▸ **TASK DETAILS**: Starting at the line that contains "1787 SHILLING ( GVF", transcribe each line exactly through the end of the data below, and skip any pictures.

▸ **SUPPLIED DATA**:
⟨
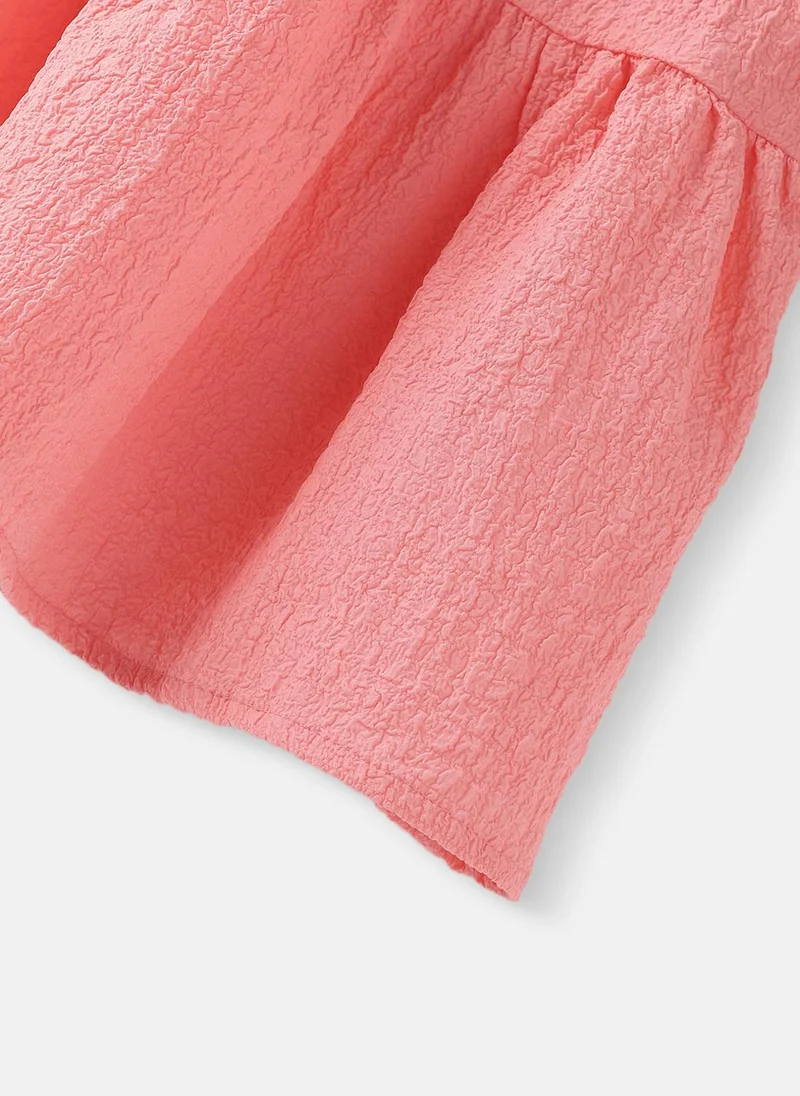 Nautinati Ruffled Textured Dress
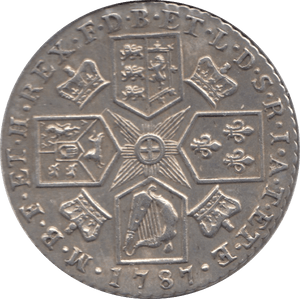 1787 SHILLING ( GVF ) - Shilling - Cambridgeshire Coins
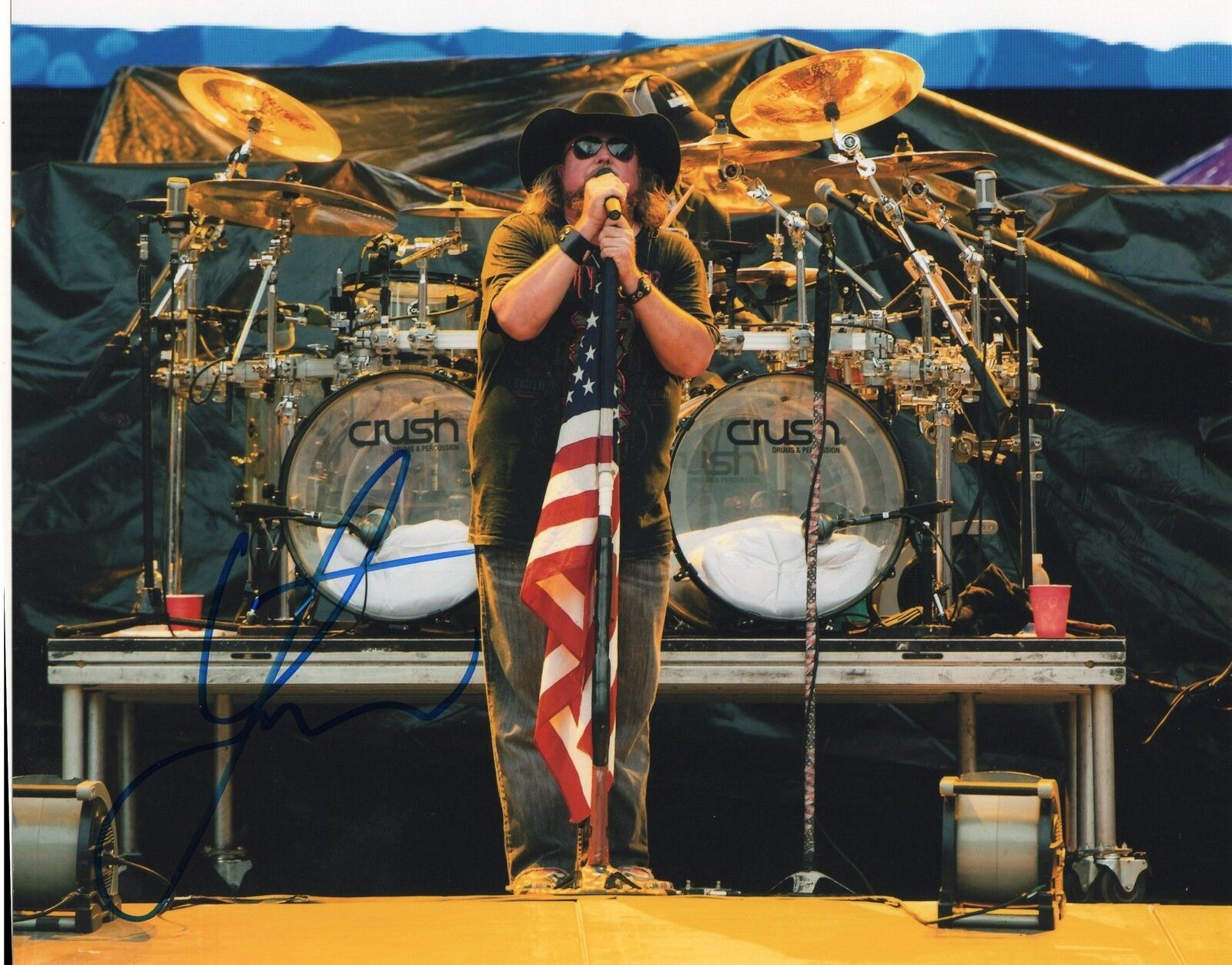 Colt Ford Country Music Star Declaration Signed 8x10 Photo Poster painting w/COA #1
⟩
▸ **RESULT**:
 1787 SHILLING ( GVF ) - Shilling - Cambridgeshire Coins
 Colt Ford Country Music Star Declaration Signed 8x10 Photo Poster painting w/COA #1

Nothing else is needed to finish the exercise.